Police arrested him three years ago for five robberies and a list of other crimes. He pleaded guilty, got a 15-year sentence, but, then a judge wiped it all away and set Goff free in December.
Police said Goff went to Dallas, where just two months later he murdered a man and shot a woman during a robbery.
Dallas police warned Tulsa police that Goff could be headed back this way.
Officers said Goff admitted robbing a Tulsa donut store in front of a woman and her small children and a Subway Wednesday and also confessed to robbing a Walgreens three days before the judge let him go.
"Frustration is almost not the word for it," said TPD Robbery Sgt. Brandon Watkins.
Watkins said Goff did several robberies in 2014 and they were glad when he pleaded and got a 15-year sentence, then they were dismayed to hear Judge
Sharon Holmes dismissed all those cases and expunged Goff's record.
"I understand taking a chance on somebody, giving somebody a second chance, but, once you shove a gun in someone's face, your chances are worn out, as far as we're concerned," Watkins said.
This isn't the first time it's happened.
Tulsa police arrested Maurice Younger in 2014 for six robberies, some burglaries and stolen cars.
He pleaded guilty and initially got 15 years, but, Judge Holmes knocked it down to a five-year deferred.
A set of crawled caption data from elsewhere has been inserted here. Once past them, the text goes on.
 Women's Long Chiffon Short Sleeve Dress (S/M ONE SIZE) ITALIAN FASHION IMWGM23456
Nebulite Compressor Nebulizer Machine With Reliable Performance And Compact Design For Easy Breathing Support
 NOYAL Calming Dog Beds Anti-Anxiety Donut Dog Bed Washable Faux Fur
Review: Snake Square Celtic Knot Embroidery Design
That was in May of 2016.
Just two months later, Tulsa police arrested Younger for several home invasion robberies and raping a woman.
After that, Judge Holmes did order Younger held without bond.
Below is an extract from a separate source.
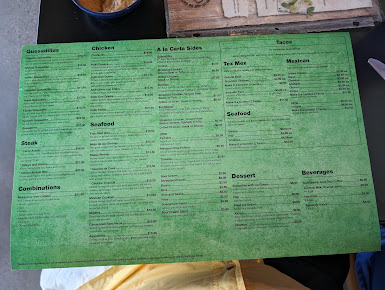 Menu Andale Way Mexican Grill - 8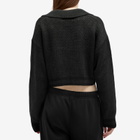 Air Jordan Women's Knit Top in Black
News On 6 called her courtroom to ask her about these cases, but haven't yet heard back.
Tulsa County District Attorney Steve Kunzweiler released a statement saying:
I am grateful for the hard work of the Tulsa Police Department in getting Mr. Goff off the streets. However, it is my opinion that he should never have returned to the streets in the first place. The violent trail of crime he began as a youthful offender in August, 2014 should have resulted in his placement in the custody of the Oklahoma Department of Corrections. While Oklahoma’s Youthful Offender statutes were created in part, to consider the amenability of rehabilitation for certain youthful offenders, they were also created “to better ensure the public safety by holding youths accountable for the commission of serious crimes”.
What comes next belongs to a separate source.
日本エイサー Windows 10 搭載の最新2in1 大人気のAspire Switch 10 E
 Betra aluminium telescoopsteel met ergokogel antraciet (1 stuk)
Mr. Goff was released from supervision for his Tulsa area crimes based upon the recommendation of the Office of Juvenile Affairs. OJA’s report to the court stated that “although Latwon’s Youthful Offender crimes were serious indeed, he has taken full advantage of all treatment opportunities available, his mother has been supportive of him throughout the process, and he seems to be ready for case closure at this time.” First, the fact that he committed “crimes” as in plural, several, many, etc., should have been a prime indicator that he was an extreme risk of reoffending. Second, I am more than confident that any mother would be “supportive” of their child in just about any circumstance. Third, I have never met an offender who wants their case to remain open – offenders want it over and done with as soon as possible. What is more important to me is not how Mr. Goff Felt, but the effect Mr. Goff’s crimes had on each one of the victims, and whether the 1 year and 10 months he spent in the custody of the Office of Juvenile Affairs could ever have meaningfully rehabilitated him. We are now seeing that the hopes of treatment providers have apparently fallen woefully short of their goal.
I have the benefit of being a prosecutor who endured the days when all that the State of Oklahoma had was a juvenile court system and an adult court system. Violent offenders in the age range of Mr. Goff had virtually no accountability in the juvenile system. Oklahoma’s Youthful Offender statutes were in response to the public outcry for more accountability. The safety and security of the public is at the forefront of my office’s efforts on a daily basis. We will continue to advocate in our courts that violent offenders need to be held fully responsible for the crimes they commit – even if they are “youthful offenders”. Our only hope is that the courts, the treatment providers, and the case managers listen to and heed our warnings when it comes to rendering judgment on a documented violent offender.
Mr. Goff is accused of new violent offenses in Tulsa County and in the State of Texas. He, like every charged individual enjoys the presumption of innocence until a judge or a jury determines otherwise.